It's dusk on the Bosphorus Strait. As the sun sets over Istanbul, Zainab Bilgin tells us her fears, just days before the second round of the Turkish presidential election.

"Religion dominates politics in this country, and this election can change women's lives and rights," she said. "Hüda-Par publicly states that women should not vote, that all women should marry before the age of 30. Hüda-Par is very powerful and I'm really worried."

Turkey's radical Islamist party Hüda-Par crystallizes its fears. In fact, Zainab Bilgin asked for her name to be changed for fear of speaking out publicly.

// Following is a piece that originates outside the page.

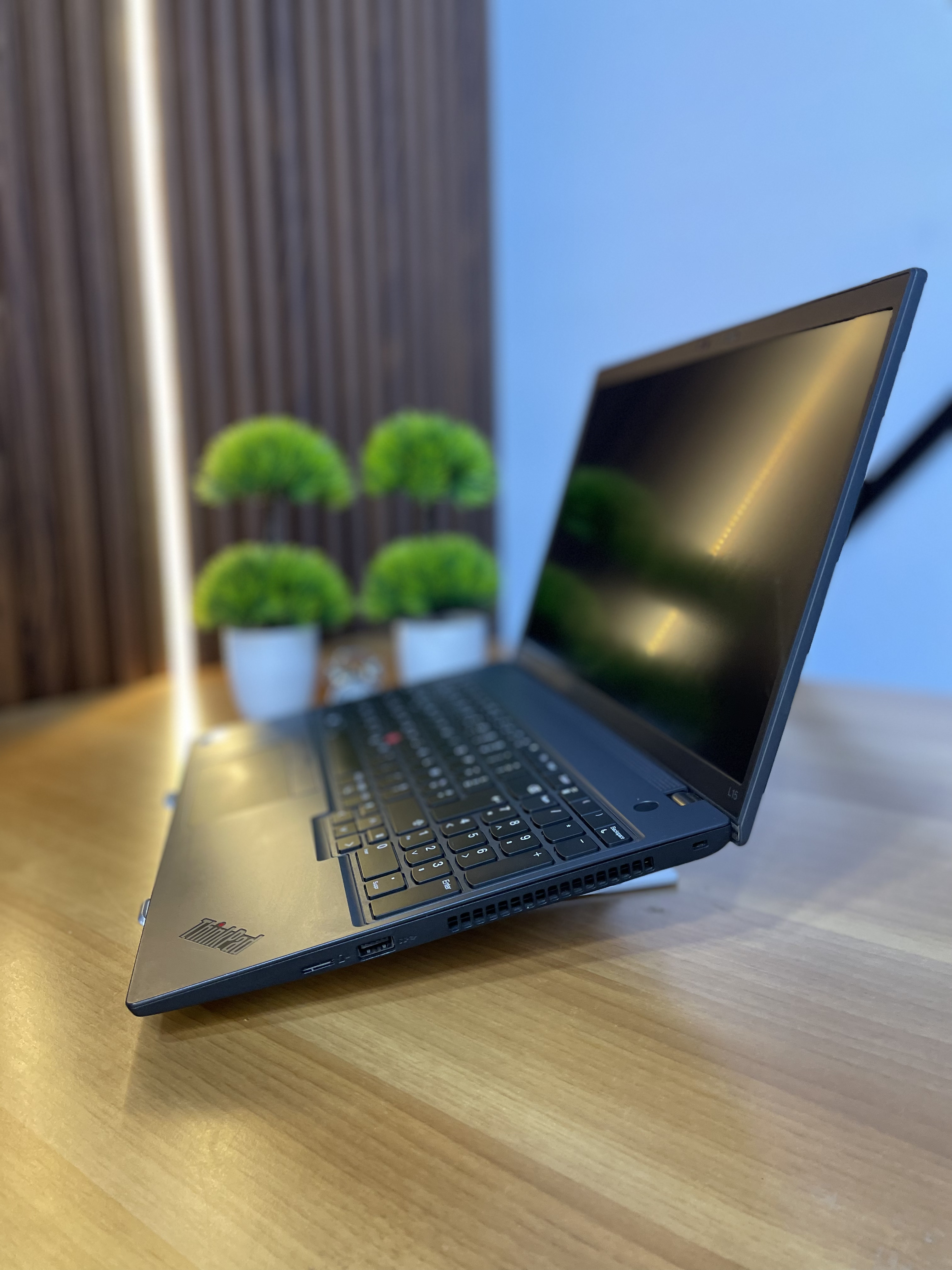 Lenovo ThinkPad L15 13em génération 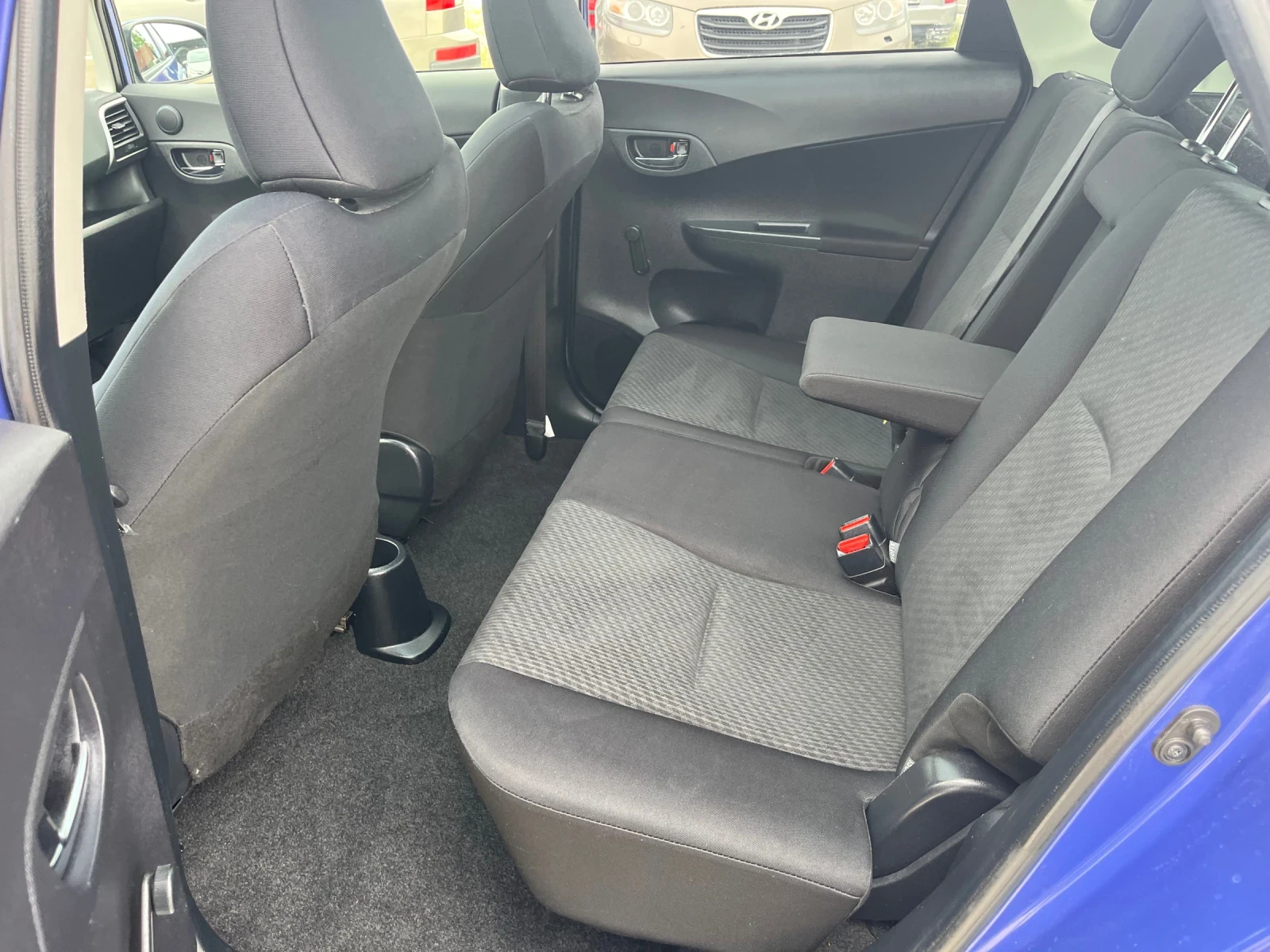 Toyota Verso S 1.33 VVT-i Нави Панорама, снимка 13 - Автомобили и джипове - 54632493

Zainab Bilgin (not real name) is waiting for the boat at the Kadikoy ferry port in Istanbul. © Samia Metheni, France 24

A few days later, in the Kurdish stronghold of Diyarbakir (south-east of Turkey), a woman approaches us after casting her ballot for the second round of the presidential election, which opposes Recep Tayyip Erdogan and Kemal Kilicdaroglu. "This is the last vote of women," she warns in English, speaking slowly but forcefully. "Maybe we will lose our right to vote. They will change everything. We will become like Iran because of Hüda-Par."

That night, shortly after President Erdogan's triumphant re-election, the woman at the polling station continued to call and send messages to make sure she had not been named or identified. Her fears about the consequences of this election for Turkish women were as strong as her certainty that the crackdown would be severe against opposition supporters, especially the Kurds.

Across the country, many women who voted for the opposition seem convinced that nothing will ever be the same again with Recep Tayyip Erdogan's new mandate.

In question, the presence alongside the "reis" of an Islamist Kurdish party, marginal, little known on the domestic scene before the 2023 campaign: Hüda-Par. It is the acronym of "Hür Dava Partisi", in English: the "Party of the Free Cause", which can also be translated literally as "Party of God".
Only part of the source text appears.